Forget about whatyou feel should or should not count as prevailing wage work. Fines and penalties in this industry don’t care about your feelings. They only uphold the law. Clearly, when most people think of construction, they visualize a worker building something. But in reality, the scope of work subject to prevailing wage extends far beyond that. Any kind of demolition, installation, repair work, or alteration performed on a construction site can also be subject to prevailing wage. And yes, this can even include painting, decorating, or landscaping.

Some other commonly overlooked trades that can potentially be subject to prevailing wage include surveying, equipment repair, and material delivery. However, these kinds of work require closer inspection because they are not necessarily subject just on their own merits alone. For example, surveying work that was performed during the design phase and before the contract was awarded does not qualify as prevailing wage work. (When it comes to survey questions, you should consult the Field Operations Handbook Ch. 15 and All Agency Memorandums (AAM) 212 and 235 to have a complete understanding.) Likewise, material suppliers that simply deliver materials but do not assist laborers or mechanics via manual work in moving or installing the material are exempt as well. Foremen, too, can be exempt from prevailing wage unless they actually participate in craft work and spend a significant enough amount of their time doing so. 

Typically, the line is drawn when the work is not “manual” in nature. This means employees of contractors that are executive, administrative, or professional workers are not covered by prevailing wages.


Scope of work is only the tip of the iceberg. Since we’ve broadly covered what kind of work is subject to prevailing wage, now we need to be able to differentiate it.
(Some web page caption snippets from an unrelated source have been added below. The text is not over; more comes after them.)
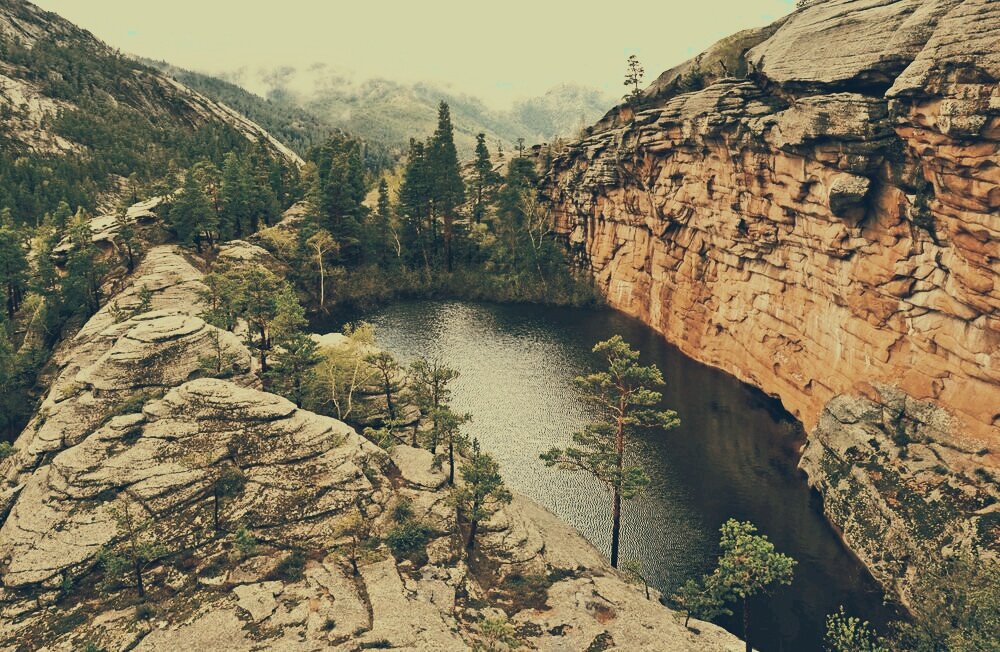 Озеро в горах - Георгиевич Озеро в горах - Георгиевич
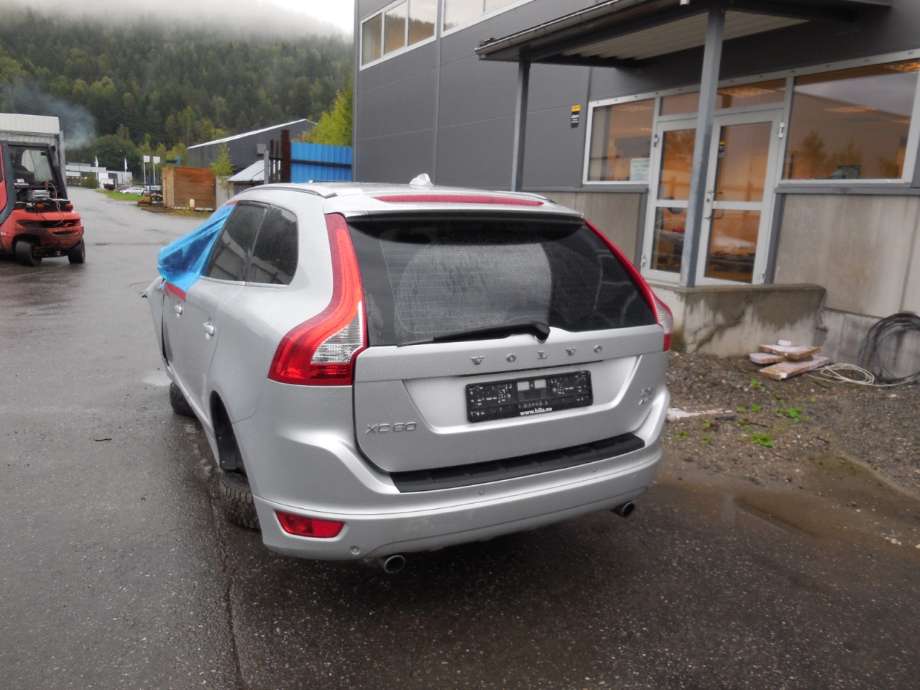 Volvo XC60 2008-2013 (Type I, Fase 1) , Motorkode: D5244T10, Girkassekode:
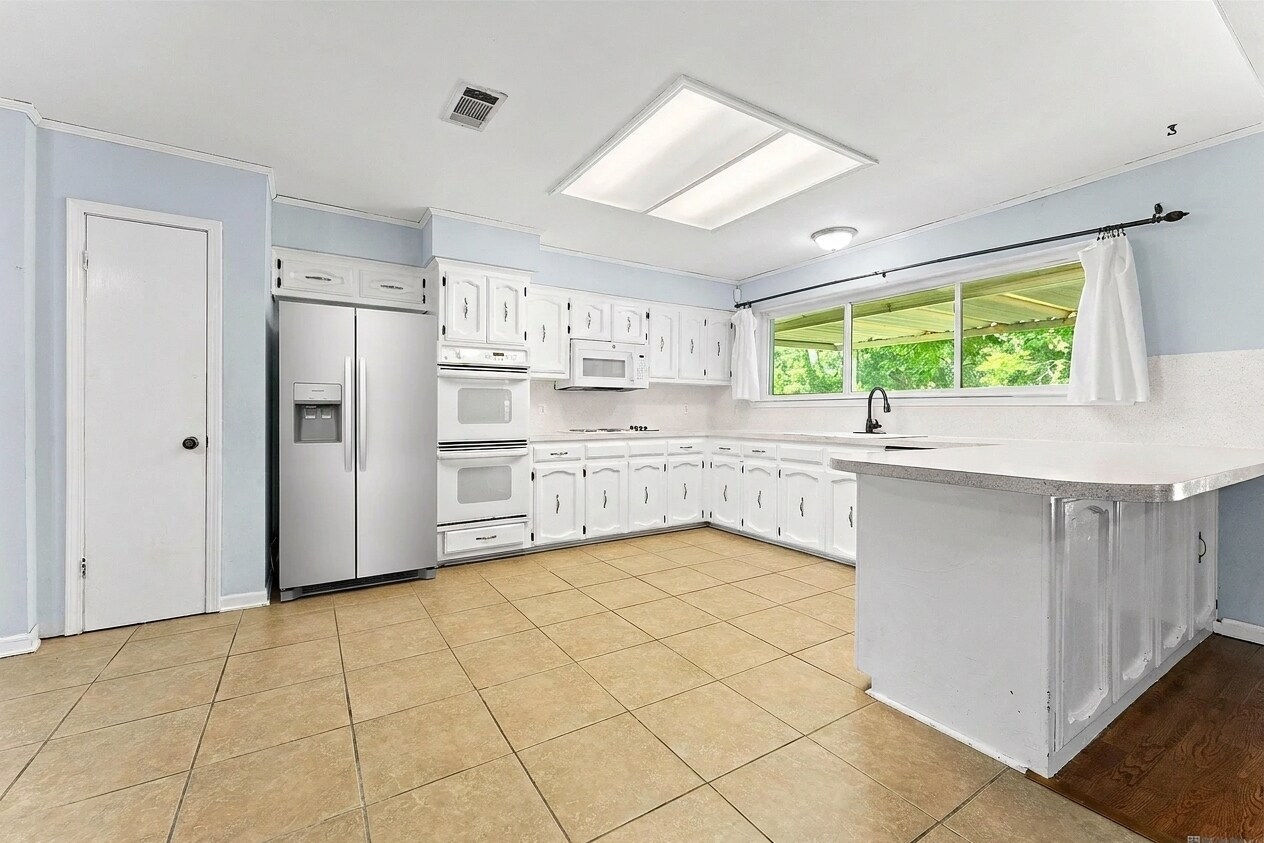 Building Photo - 6362 Westridge Dr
Because as most everyone knows, not all covered work is created equal. And this is where contractors seem to err the most. 

On any given project, there’s a variety of different trades performing work. Electricians, carpenters, equipment operators – you name it. Often times, there are different subcategories within a craft, a.k.a. classifications. And each of those classifications will have a different prevailing rate associated with them.

The contractor needs to assess the type of work being performed and pay the worker appropriately according to the classification’s designated rate. Typically, with federal projects, these rates and their work descriptions are outlined in the wage determinations that are provided by the project owner or entity awarding the contract. Note: the key here is in the details. It might seem like there are nuanced differences between one classification and another. On top of that, if you do work on both federal projects and other state/local projects, there may be differences in how the governing agency defines a classification. That is something to keep an eye out for.


One common mistake contractors make is lumping multiple different classifications of work into one broad category. Another error may be always defaulting to a worker’s job title when it comes to pay. The fact of the matter is, the correct rate of pay is determined by the nature of the work performed rather than what the employee’s position is on paper. For example, if a worker is a carpenter by trade, but spends a day finishing concrete in the school’s parking lot, then the associated prevailing wage rate required for that day’s work would be specific to the craft classification of concrete finisher or cement mason (depending on the area practice), not as a carpenter.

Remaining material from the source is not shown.